Where I suspect that I differ with Cowen's analysis is that he appears to be stumped by the disconnect between modern types of technological breakthroughs and broad-based economic prosperity. To me, there is no real mystery about the great post-1970's divergence in incomes. Public policy used to be aimed at creating and nurturing the Great Middle Class. Ford gets credit for paying his workers what we would now call a living wage -- enough, famously, to allow them to buy the products that they helped to make -- but he did not do so out of the goodness of his heart (or even as a purely business-related decision, received wisdom notwithstanding). Everything that workers gained, they gained through struggle (and frequently in the teeth of violent reaction). Ultimately, that struggle led to public policies that changed this into a middle-class country: labor laws that allowed unions to organize and bargain, the expansion of public universities, a universal retirement plan, civil rights gains, single-payer medical care for retirees, improvements in public health, and so on.

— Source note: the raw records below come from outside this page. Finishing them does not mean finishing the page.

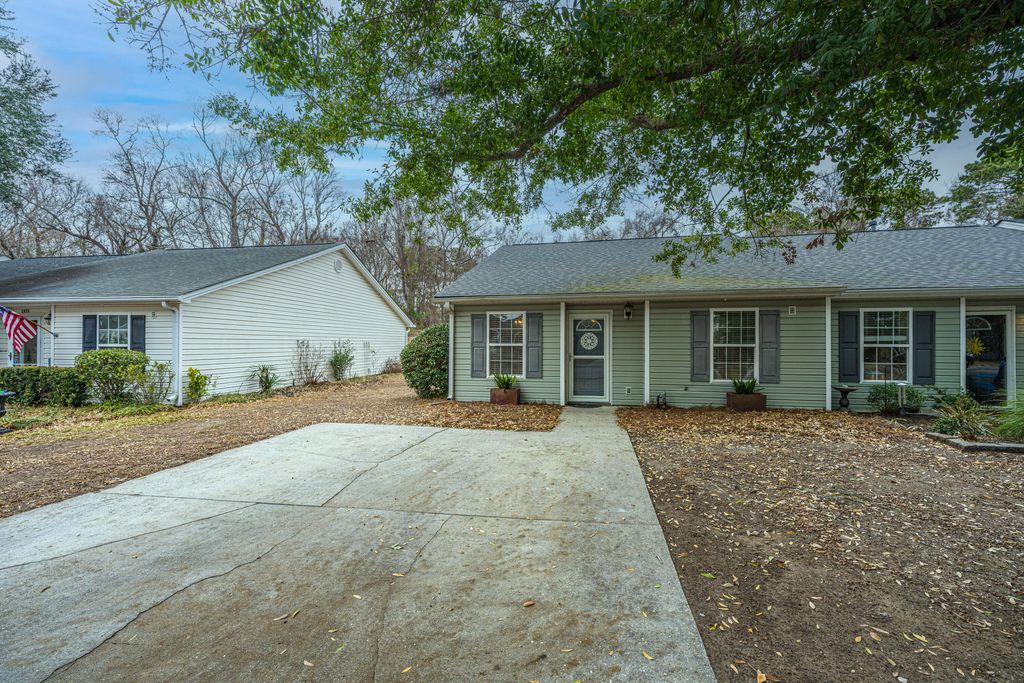 Photo of 1573 Blaze Lane, Charleston, SC 29412 (MLS # 26003769)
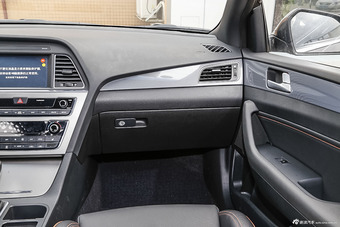 2015款索纳塔九 1.6T自动 GLS智能型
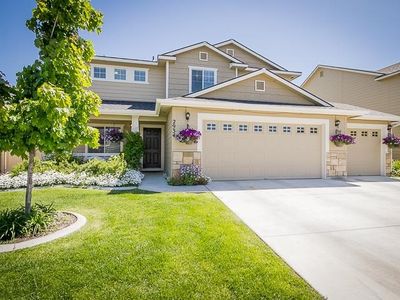 2934 N West 11th Ave, Meridian, ID, 83646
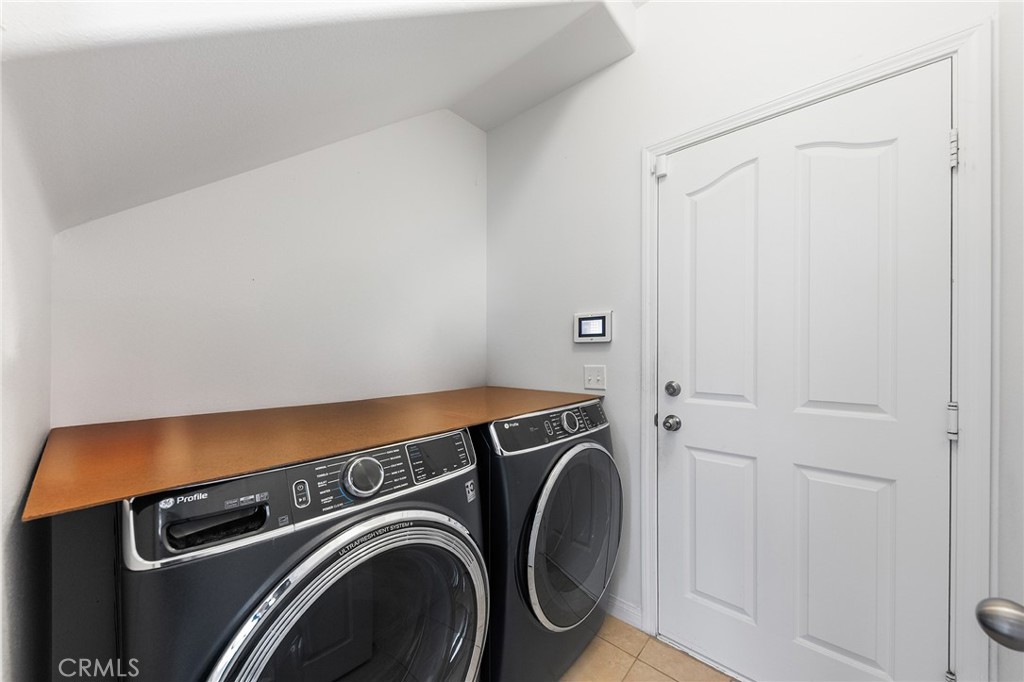 15188 Masline Street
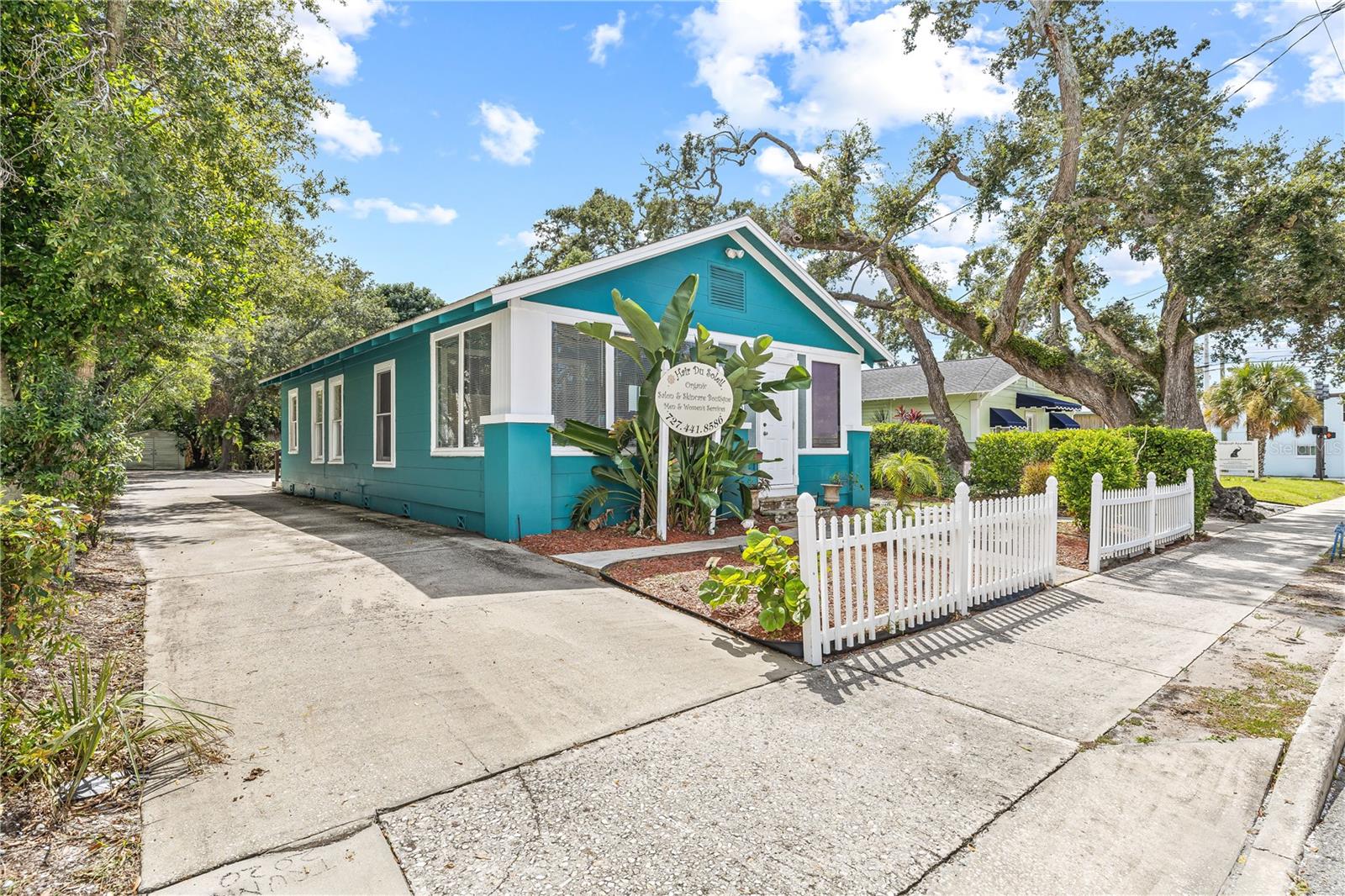 Image 4 of 38 For 805 Turner Street
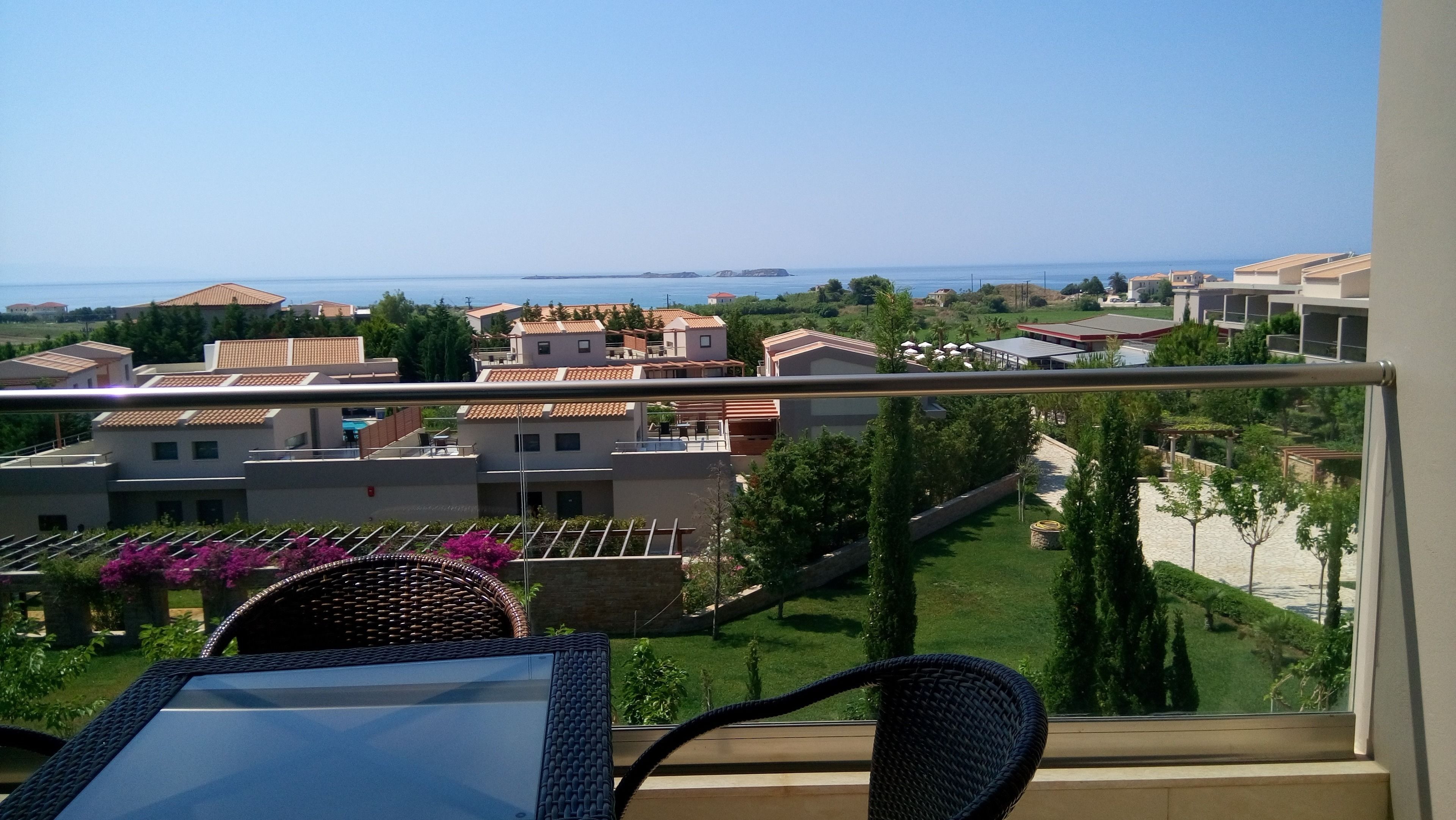 family room, garden view (deluxe) | balcony view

All of those advances have been under attack since the 1970's. With the intensifying assault on the last remaining large group of unionized workers (teachers and other government employees), along with calls to cut Social Security and all the rest, there is little reason to expect that any technological breakthroughs -- as great as they might be for other reasons -- will correlate with a return to broad-based gains in incomes. Technology is only part of the picture. A society can decide to be more or less economically stratified. For about forty years, we chose to be less so. For the last thirty-plus years, we have changed course. And it shows.